From my very limited experience on Linux RAID stuff I'd say probably best to reinstall especially if you're changing it at the firmware leve.
My reasoning is that you layout the filesystem on the raid devices. In the Linux HW raid I've seen the device is actually seen as if it were one drive so it suggests the device you have now would go away in favor of the "new" one presented by the firmware. If they are both /dev/hda then it seems likely you'd have an issue.
On the Software RAID which I've seen it actually uses the existing devices and creates a metadevice so it MIGHT work but here again since one mounts the meta device I suspect it lays out the filesystem on top of that.
Notes I wrote myself a couple of weeks ago on the software RAID:
Did research on /dev/md* devices seen on server. These are software
RAID1 (mirror) devices. fdisk doesn't work on them. Found info that
indicates they are described in /etc/raidtab. Man pages regarding
mkraid, raidstart & raidstop exist. Also found good post talking about
this:
http://www.linuxquestions.org/questi...hreadid=352756
Original question there talks about mdadm but no such command here.
Maybe it is something in newer versions of the raid stuff but it doesn't
seem necessary based on my read of the post and the man pages.

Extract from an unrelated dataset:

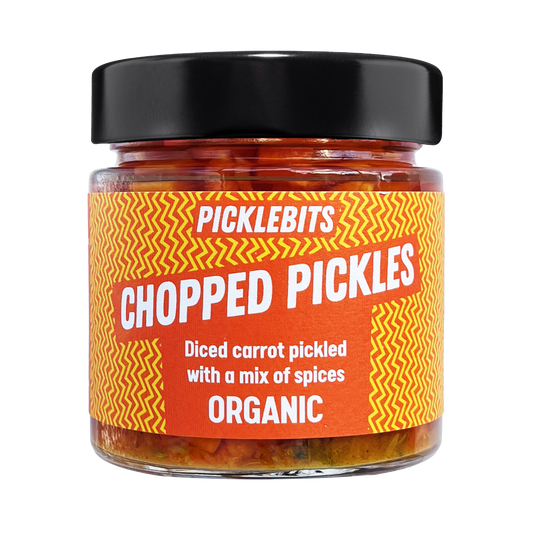 Jar of PICKLEBITS pickled carrots with a vibrant label with black lid.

The raidtab on above system contains:
raiddev /dev/md3
raid-level 1
nr-raid-disks 2
chunk-size 64k
persistent-superblock 1
nr-spare-disks 0
device /dev/sda5
raid-disk 0
device /dev/sdb5
raid-disk 1
raiddev /dev/md0
raid-level 1
nr-raid-disks 2
chunk-size 64k
persistent-superblock 1
nr-spare-disks 0
device /dev/sda1
raid-disk 0
device /dev/sdb1
raid-disk 1
raiddev /dev/md2
raid-level 1
nr-raid-disks 2
chunk-size 64k
persistent-superblock 1
nr-spare-disks 0
device /dev/sda3
raid-disk 0
device /dev/sdb3
raid-disk 1
raiddev /dev/md1
raid-level 1
nr-raid-disks 2
chunk-size 64k
persistent-superblock 1
nr-spare-disks 0
device /dev/sda2
raid-disk 0
device /dev/sdb2
raid-disk 1
On HP-UX systems we use MirrorDisk/UX which does allow us to add a second drive after the initial install but as stated I don't think it works that way on Linux. Since you're considering reloading anyway you might want to go ahead and take a backup then try it without reload - if it doesn't work you can then do the reload then restore the backup.